Tre ore piene.
Di musica, ma non solo.
Di emozioni, di scommesse fatte e vinte, di sogni che hanno preso forma, di timori che sono stati superati, di festeggiamenti mascherati da non-festeggiamenti (o viceversa).
Daniele Silvestri, dopo un'attesa durata 25 anni, ha debuttato ieri sera - non senza un po' di batticuore previgilia - a Roma (e non poteva essere altrimenti) con La Terra dal vivo sotto ai piedi, il suo primo tour nei palasport. Tre ore, che sarebbero potute diventare quattro o cinque per l'intensità, l'energia e la passione che ci hanno messo gli artisti sul palco e il pubblico sugli spalti. "Ma poi diventa sequestro di persona", scherza durante il live il cantautore, immaginando per la nuova avventura un palco senza confini, senza quinte, aperto su tutti i lati e al centro del parterre. E lui al centro su una piattaforma girevole coperta di terra, richiamo al titolo dell'ultimo album (La Terra sotto i piedi), circondato da 9 musicisti e accompagnato in tutte le date del tour dalle incursioni del rapper Rancore, con il quale ha condiviso anche l'esperienza sanremese e il brano Argentovivo (in video anche Caparezza, Manuel Agnelli e Shorty, mentre sul palco è arrivato Andrea Vincenzo Leuzzi degli Otto Ohm).
Il tour coincide con i 25 anni di carriera di Silvestri, ma assicura lui, è un caso, "ce ne siamo resi conto solo a progetto già iniziato". E a dimostrazione di ciò, è uno show costruito intorno all'ultimo disco. Non mancano le concessioni all'amarcord, in particolare con un mini-concerto di 37 minuti a metà del live, con brani in ordine cronologico dal 1994 al 2016 (si parte da Dove sei per arrivare a La mia casa, passando da Desaparecido, Occhi da orientale, 1000 euro al mese, Monetine) e una carrellata di immagini a ripercorre quegli anni. La caduta del muro di Berlino e la serie cult il principe di Bel Air, Falcone e Borsellino e le stragi di mafia, Kurt Cobain, il rigore sbagliato da Baggio ai Mondiali, Bettino Craxi (fischiato), il magistrato Antonio Di Pietro e Tangentopoli, la discesa in campo di Silvio Berlusconi (fischiatissimo). E poi un giovane Silvestri al Festival di Sanremo del 1995 con L'Uomo col megafono. "Alcuni degli eventi di quegli anni hanno determinato quello che è successo poi e quello che siamo diventati", sottolinea l'artista prima di lasciare spazio al videoracconto che ha traghettato gli spettatori fino ai giorni nostri: il sangue al Bataclan, il dramma dei naufragi e dell'immigrazione, l'incendio di Notre Dame e la caduta del ponte Morandi a Genova.

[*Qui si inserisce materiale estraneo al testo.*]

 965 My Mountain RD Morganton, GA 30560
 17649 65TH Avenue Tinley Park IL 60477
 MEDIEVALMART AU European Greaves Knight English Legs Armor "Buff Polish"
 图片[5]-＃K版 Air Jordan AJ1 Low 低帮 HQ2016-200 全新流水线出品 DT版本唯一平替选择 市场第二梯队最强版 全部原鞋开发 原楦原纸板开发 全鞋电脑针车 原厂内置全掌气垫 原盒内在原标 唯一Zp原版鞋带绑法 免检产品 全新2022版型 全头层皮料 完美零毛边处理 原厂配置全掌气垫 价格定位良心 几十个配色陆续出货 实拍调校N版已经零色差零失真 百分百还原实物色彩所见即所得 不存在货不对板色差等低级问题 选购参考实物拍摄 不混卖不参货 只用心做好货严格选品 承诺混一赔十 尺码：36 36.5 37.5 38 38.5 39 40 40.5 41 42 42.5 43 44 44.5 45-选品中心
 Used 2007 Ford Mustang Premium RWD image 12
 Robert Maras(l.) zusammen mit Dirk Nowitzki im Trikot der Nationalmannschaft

Quando sullo megaschermo compare il volto di Matteo Salvini il Palazzo dello Sport viene giù per i fischi, per emozionarsi subito dopo con le lacrime di capitan Totti il giorno dell'addio alla Roma. Greta Thunberg scatena gli applausi, così come Andrea Camilleri nel suo discorso sull'"altro, che non è altro che me stesso allo specchio".
Silvestri, del resto, non si è mai tirato indietro davanti all'impegno politico e sociale. Quando attacca L'appello, brano dedicato a Paolo Borsellino, in platea sventolano decine di agende rosse. "Non dobbiamo mai smettere di chiedere verità allo stato", dice, e quando intona Le navi, sull'immigrazione, spiega: "è diventata una canzone sovversiva, e allora la faccio proprio per quello e mi piace ancora di più farla".
A penalizzare un live potente, uno show costruito magistralmente, la pessima acustica del palazzetto di Roma.
"Sapevamo che ci saremmo dovuti confrontare con la situazione peggiore - ammette Silvestri -. Anche per questo alcuni brani più parlati sono stati lasciati fuori. Sono anni che si parla di metterci mano, ma finora non è stato fatto".
Si replica l'8 novembre a Padova, il 9 a Rimini, il 15 a Bari, il 16 a Napoli, il 22 a Milano, il 23 a Torino.